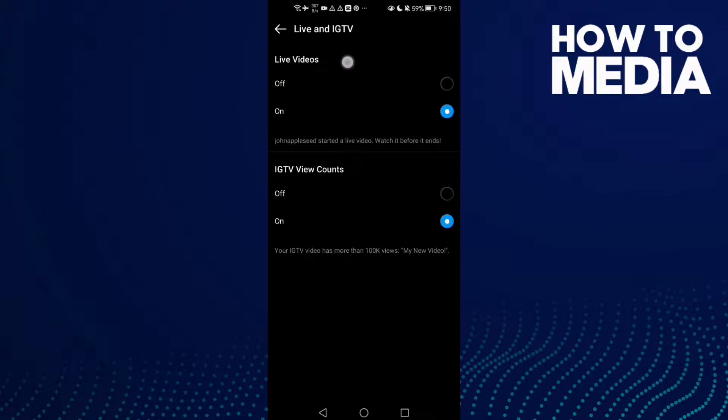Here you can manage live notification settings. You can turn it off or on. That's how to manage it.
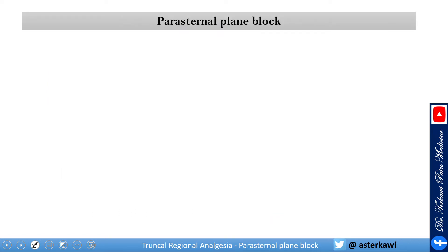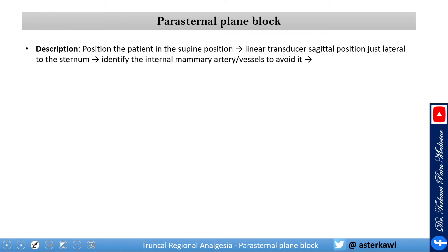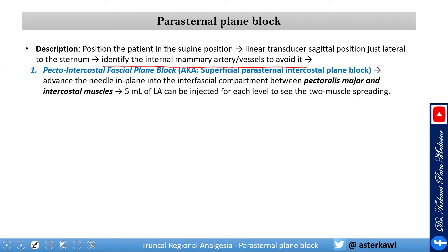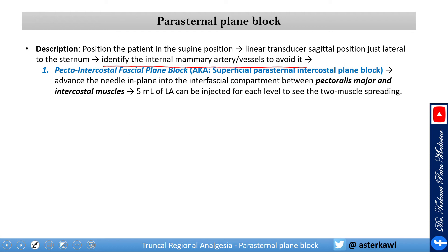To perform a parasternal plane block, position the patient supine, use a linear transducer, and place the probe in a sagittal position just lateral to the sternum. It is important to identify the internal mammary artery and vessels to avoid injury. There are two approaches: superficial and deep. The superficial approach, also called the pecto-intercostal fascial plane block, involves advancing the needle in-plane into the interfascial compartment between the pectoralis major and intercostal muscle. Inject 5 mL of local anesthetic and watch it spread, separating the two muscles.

══════════

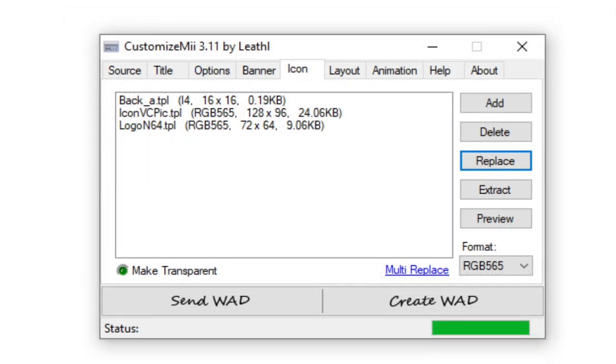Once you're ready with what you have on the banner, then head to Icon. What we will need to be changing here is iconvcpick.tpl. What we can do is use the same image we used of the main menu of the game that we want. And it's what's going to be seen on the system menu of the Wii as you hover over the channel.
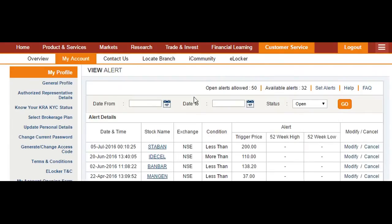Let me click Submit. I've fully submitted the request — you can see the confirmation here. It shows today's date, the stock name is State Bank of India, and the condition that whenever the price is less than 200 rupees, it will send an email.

══════════

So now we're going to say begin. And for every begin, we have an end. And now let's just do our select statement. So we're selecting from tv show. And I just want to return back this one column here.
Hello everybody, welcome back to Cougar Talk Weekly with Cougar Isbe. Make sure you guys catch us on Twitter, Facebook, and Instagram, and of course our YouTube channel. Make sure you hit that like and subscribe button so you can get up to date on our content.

══════════

How to complete this task -
Taking the entries above, write out exactly the lines starting with the line containing "So now we're" and going on through the line containing "Hello everybody, welcome", both included, and nothing else.

Task result -
So now we're going to say begin. And for every begin, we have an end. And now let's just do our select statement. So we're selecting from tv show. And I just want to return back this one column here.
Hello everybody, welcome back to Cougar Talk Weekly with Cougar Isbe. Make sure you guys catch us on Twitter, Facebook, and Instagram, and of course our YouTube channel. Make sure you hit that like and subscribe button so you can get up to date on our content.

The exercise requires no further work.